**WORK TO BE COMPLETED:** Reproduce exactly the span of lines that opens with the line containing "Ülkücülerden kan bağışı" and closes with the last line of the entries below.

╔══

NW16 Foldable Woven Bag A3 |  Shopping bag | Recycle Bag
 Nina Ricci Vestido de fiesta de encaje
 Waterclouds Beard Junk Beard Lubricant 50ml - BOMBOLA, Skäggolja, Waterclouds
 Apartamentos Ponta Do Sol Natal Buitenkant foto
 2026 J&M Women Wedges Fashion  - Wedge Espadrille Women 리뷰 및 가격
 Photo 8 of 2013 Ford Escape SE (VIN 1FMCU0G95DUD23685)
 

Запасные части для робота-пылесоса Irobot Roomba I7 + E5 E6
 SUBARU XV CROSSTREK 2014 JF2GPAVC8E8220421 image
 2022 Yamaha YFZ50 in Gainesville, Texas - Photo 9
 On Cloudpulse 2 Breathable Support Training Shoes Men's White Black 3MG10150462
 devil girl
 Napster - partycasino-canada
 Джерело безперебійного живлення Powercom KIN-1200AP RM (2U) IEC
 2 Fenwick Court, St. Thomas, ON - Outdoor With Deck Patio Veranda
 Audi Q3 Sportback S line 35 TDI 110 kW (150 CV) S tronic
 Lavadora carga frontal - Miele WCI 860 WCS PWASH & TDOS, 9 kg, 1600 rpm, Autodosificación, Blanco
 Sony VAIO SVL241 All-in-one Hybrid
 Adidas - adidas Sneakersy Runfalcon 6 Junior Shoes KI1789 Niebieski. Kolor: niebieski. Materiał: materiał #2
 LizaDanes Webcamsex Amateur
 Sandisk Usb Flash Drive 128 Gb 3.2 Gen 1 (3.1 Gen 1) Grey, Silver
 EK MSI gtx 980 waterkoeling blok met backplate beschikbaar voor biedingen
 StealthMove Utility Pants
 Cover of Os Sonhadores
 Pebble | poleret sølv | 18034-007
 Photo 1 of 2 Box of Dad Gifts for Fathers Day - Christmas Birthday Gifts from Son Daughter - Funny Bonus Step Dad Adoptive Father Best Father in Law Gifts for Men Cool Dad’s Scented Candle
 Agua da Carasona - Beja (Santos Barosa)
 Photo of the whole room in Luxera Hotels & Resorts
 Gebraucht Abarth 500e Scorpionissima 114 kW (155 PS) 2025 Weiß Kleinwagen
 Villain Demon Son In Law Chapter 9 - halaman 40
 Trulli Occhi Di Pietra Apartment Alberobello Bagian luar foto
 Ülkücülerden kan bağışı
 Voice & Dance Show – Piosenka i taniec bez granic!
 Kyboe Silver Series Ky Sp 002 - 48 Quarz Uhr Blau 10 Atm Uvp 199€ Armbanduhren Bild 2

╚══

**SOLUTION TO THIS EXERCISE:**
 Ülkücülerden kan bağışı
 Voice & Dance Show – Piosenka i taniec bez granic!
 Kyboe Silver Series Ky Sp 002 - 48 Quarz Uhr Blau 10 Atm Uvp 199€ Armbanduhren Bild 2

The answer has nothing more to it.